If $\mathbb P(X=m)=(1-p)^mp$ for $m\geqslant 0$ then $$\mathbb P(X\geqslant m)=\sum_{k=m}^\infty (1-p)^kp = p(1-p)^m\sum_{k=0}^\infty (1-p)^k=(1-p)^m. $$
Moreover, we have
$$
\{X\wedge Y=m\} = \{X=m,Y\geqslant m\}\cup\{Y=m,X\geqslant m\},
$$
with each event on the right-hand side sharing the member $\{X=m,Y=m\}$. Subtracting this off, we have
\begin{align}
\mathbb P(M=m) &= \mathbb P(X\wedge Y=m)\\
&= \mathbb P(X=m)\mathbb P(Y\geqslant m) + \mathbb P(Y=m)\mathbb P(X\geqslant m) - \mathbb P(X=m)\mathbb P(Y=m)\\
&= (1-p)^mp + (1-p)^mp - (1-p)^mp(1-p)^mp\\
&= 2(1-p)^{2m}p - (1-p)^{2m}p^2\\
&= (1-p)^{2m}p(2-p).
\end{align}
(Substituting $q=1-p$ yields $q^{2m}(1-q^2)$, as noted in @wolfies's answer.)

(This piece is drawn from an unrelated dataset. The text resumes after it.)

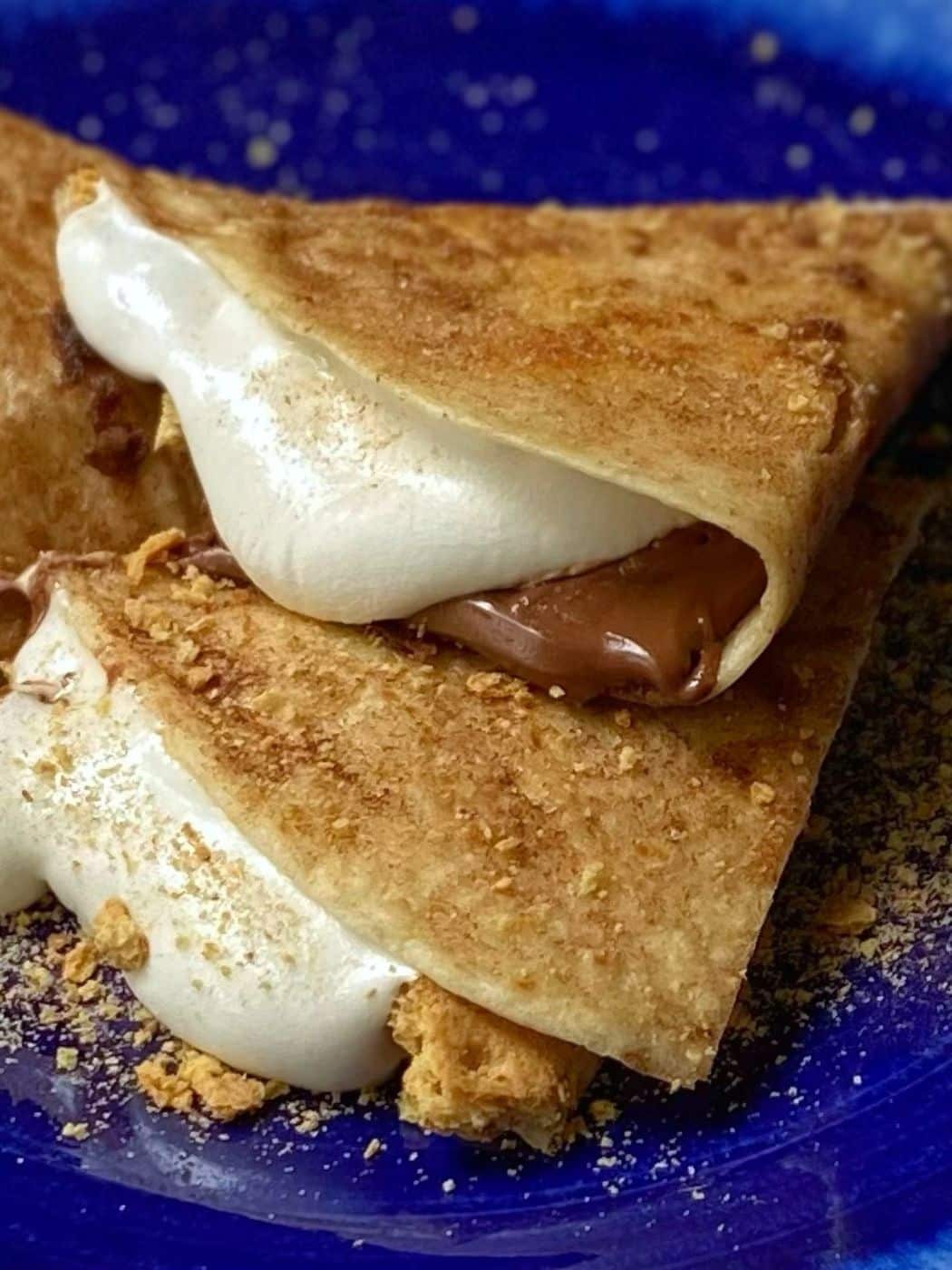 close up of smores quesadilla on a blue plate.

For $D=X-Y$, note that for $m\geqslant 0$, $$\{X-Y=m\} = \{X=Y+m\} = \bigcup_{k=0}^\infty \{X=k,Y=m+k\},$$ and so
\begin{align}
\mathbb P(D=m) &= \mathbb P(X-Y=m)\\
&= \mathbb P\left(\bigcup_{k=0}^\infty \{X=k,Y=m+k\}\right)\\
&= \sum_{k=0}^\infty (1-p)^k(1-p)^{m+k}p^2\\
&= (1-p)^mp^2\sum_{k=0}^\infty (1-p)^{2k}\\
&= \frac{(1-p)^mp^2}{1-(1-p)^2}\\
&= \frac{(1-p)^mp}{2-p}.
\end{align}
For $m<0$ we have $$\{X-Y=m\} = \{Y-X=-m\} = \{Y-X=|m|\}, $$
so by symmetry
$$
\mathbb P(D=m) = \frac{(1-p)^{|m|}p}{2-p}.
$$